Total production Average 64,000 cases. The average production per winery varies between 210 and 15,000 cases, depending on size

In a way, it all started with a prune orchard. Prunes were once big business in California’s Napa Valley, and in the late 1960s Nathan Fay’s Cabernet Sauvignon vineyards, just off the Silverado Trail under the craggy escarpment known as Stags Leap Palisades, were surrounded by them. Fay sold grapes but also crushed a few tonnes himself and shared his homemade wine with people like John Shafer and Warren Winiarski, career-changers who had arrived in Napa with young families and were thinking about buying vineland.

‘I tasted Nathan’s 1968 Cabernet Sauvignon and it inspired me to establish a Cabernet vineyard as close as possible to his,’ Winiarski remembers. So he bought about 12 hectares of prunes next to Fay and in 1970 planted a portion of it to Cabernet Sauvignon, calling it SLV – Stag’s Leap Vineyard. a few years later he sent the 1973 vintage to Steven Spurrier’s now-legendary Judgment of Paris tasting, and straight into the history books.

Stags Leap District – which celebrating its 25th anniversary as an American Viticultural Area (AVA) this year – is an odd mix of the corporate and the cosily domestic. while 95% of napa’s 500 wineries are family-owned, the figure is somewhat lower in Stags Leap, where Constellation (Mondavi), Treasury Wine Estates (Stags’ Leap winery), Antinori- Ste Michelle (Stag’s Leap wine Cellars, bought from Winiarski in 2007), Terlato Wine Group (Chimney Rock) and other corporations hold sway. Then there are big family-run producers such as Baldacci and Regusci, producing solid, high-end wine almost entirely for a domestic market. The formidable Silverado Vineyards is also a family affair, owned by the Millers, descendants of Walt Disney.

Then there are smaller, 300-case producers – Greg Lindstrom, Robinson Family, Taylor Family Vineyards, Ilsley – which are hardly known outside america. They are comfortable, friendly affairs. Tom Jinks of Robinson Family (his wife’s name – they thought it sounded better than ‘Jinks Vineyards’) showed me the cellar he’d dug by hand, while his numerous daughters and their children handed round pizza to guests visiting for Vineyard to Vintner, the district’s annual open day. Many, like Sandy Taylor and her family, started out as growers and made the decision to start producing wine relatively recently.

Cabernet is king

The district is bounded to the north by the Yountville Cross Road and to the west by the Napa River, and its eastern borders – the Palisades – are vertically delimited: no vines may be grown above 120m altitude.

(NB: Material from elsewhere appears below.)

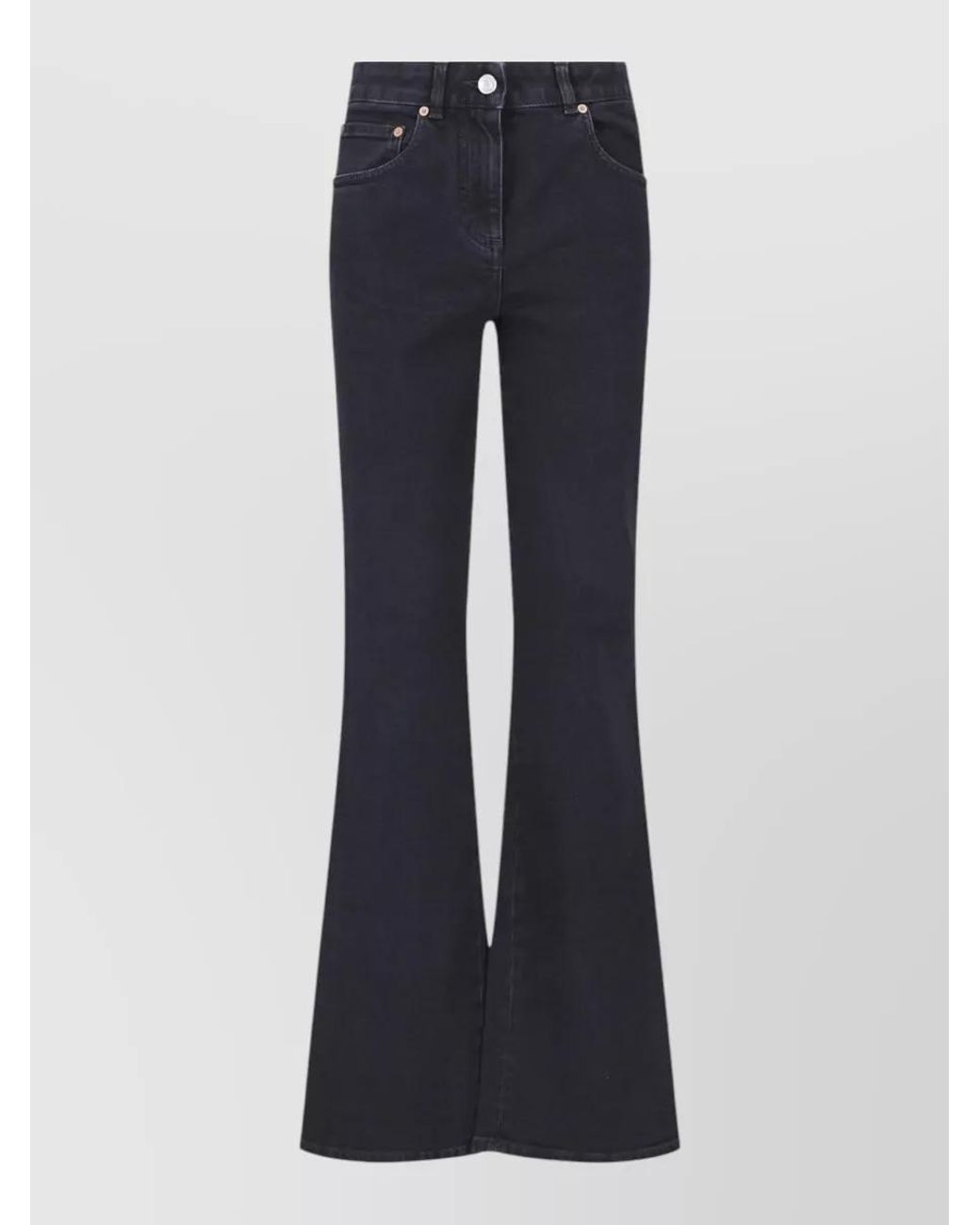 Balmain Blue Straight-Leg Jeans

The district measures 5km by 1.5km and supports the 25 or so producers. There are no restrictions on varieties or on yields. ‘This is America and you can plant anything you want,’ John Shafer’s son Doug reminds me.

In reality the appellation is self-regulating: with Cabernet Sauvignon fetching US$7,500 (£4,500) a tonne here, compared with the Napa average of US$5,500 (£3,250), it would ‘make no financial sense to plant anything else’, according to Christian Ogenfuss, marketing director at Odette, the district’s newest winery. Stags Leap may not have any bona fide cults – although former Screaming Eagle owner Jean Phillips has just bought 46ha next door to Odette – but it has its own aristocracy in the form of Shafer, Stag’s Leap Wine Cellars and Clos du Val. While their wines put them into the luxury goods bracket (Stag’s Leap Wine Cellars’ Cask 23 can be more than £200 a bottle) prices are generally hefty. You’d be hard pressed to find an entry-level wine at less than US$60 (£36), and the average for a mid-level estate Cabernet Sauvignon is around the US$125 (£75) mark. ‘It is the financial appellation,’ Ogenfuss says – quite a claim, in Napa.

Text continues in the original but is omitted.